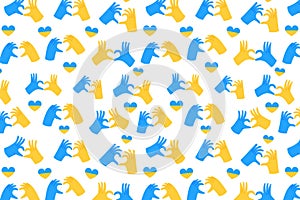 Hands in heart form in Ukraine flag color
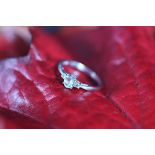 A diamond and aquamarine three stone ring,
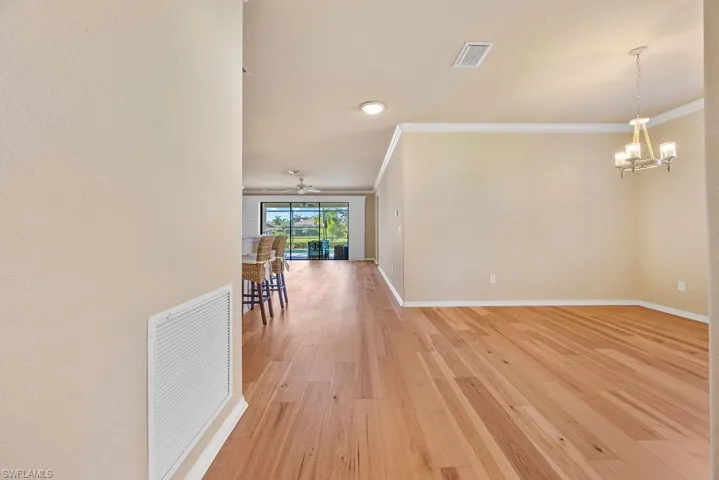 Hall featuring crown molding, light wood-style floors, an inviting chandelier, baseboards, and visible vents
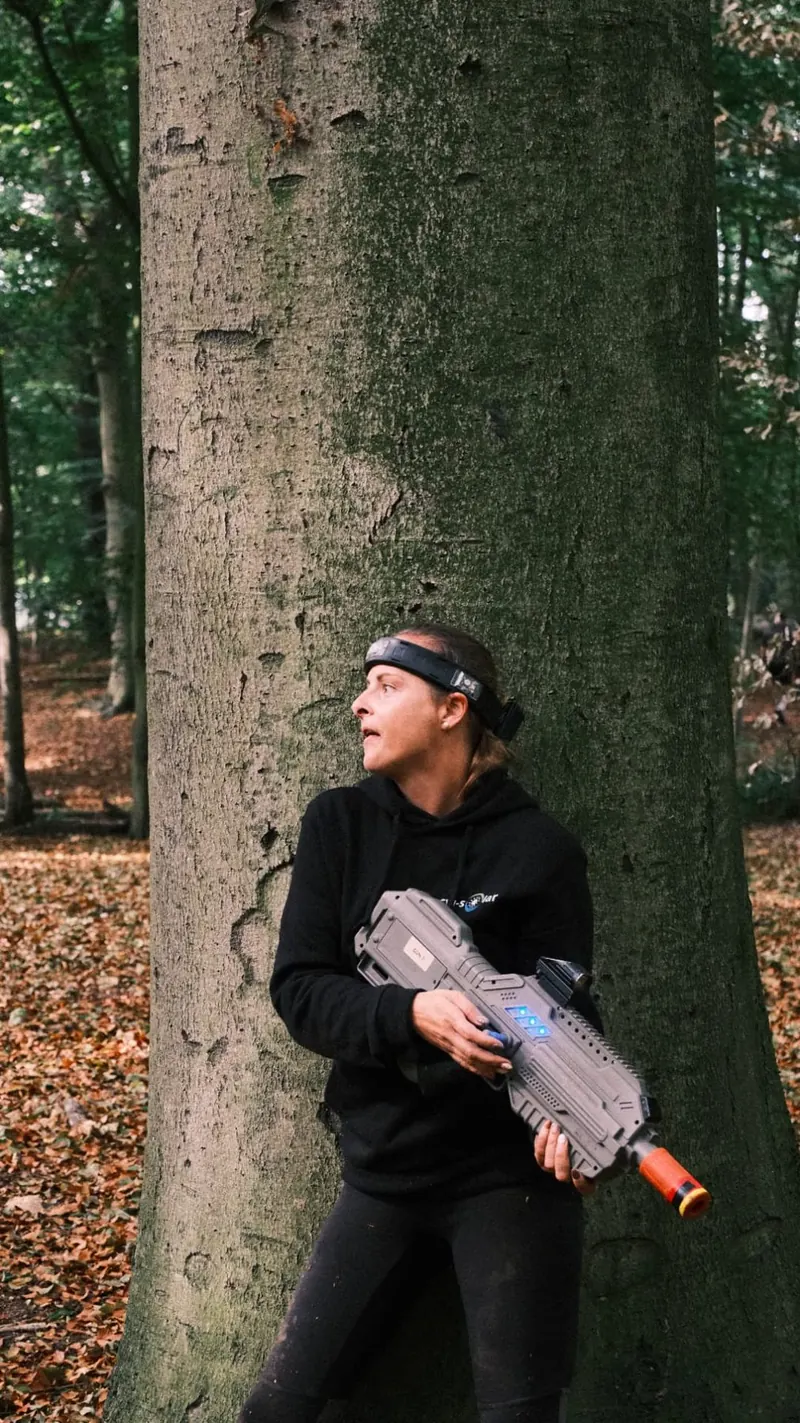 Deelnemer loopt door het bos tijdens een lasershoot van Bougez
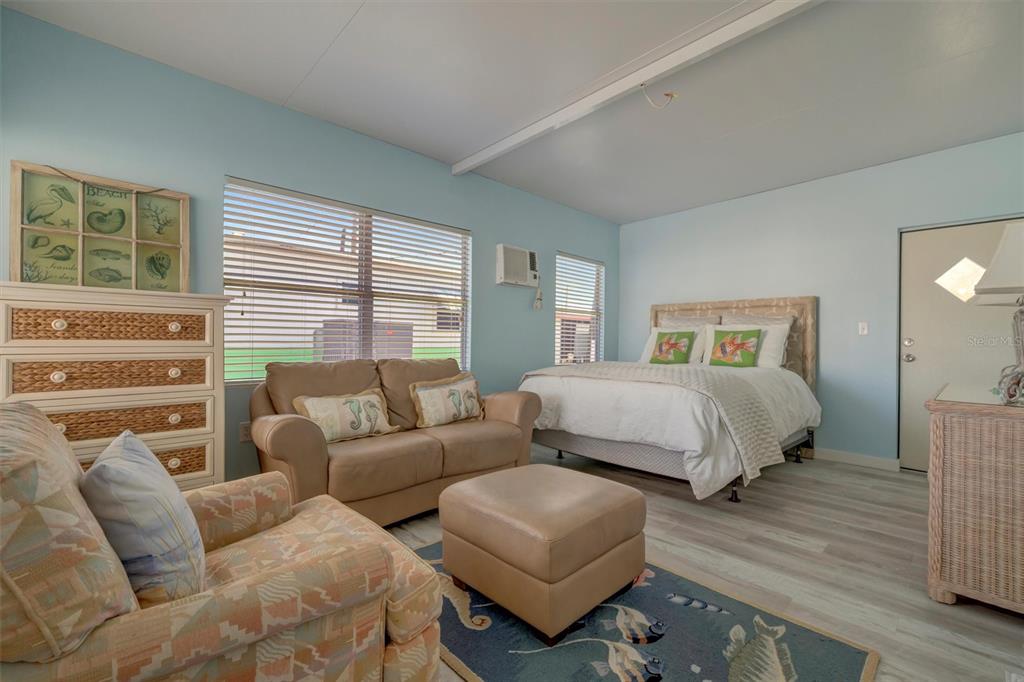 A bedroom with light blue walls, a bed, a sofa, and a patterned area rug — 247 PALM LANE, PALMETTO, FL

::::::

About this exercise: The reply needs to repeat exactly the line containing "A diamond and" and each line after it, through the final line of the entries above, and to skip the pictures.

Output of the exercise:
 A diamond and aquamarine three stone ring,
 Hall featuring crown molding, light wood-style floors, an inviting chandelier, baseboards, and visible vents
 Deelnemer loopt door het bos tijdens een lasershoot van Bougez
 A bedroom with light blue walls, a bed, a sofa, and a patterned area rug — 247 PALM LANE, PALMETTO, FL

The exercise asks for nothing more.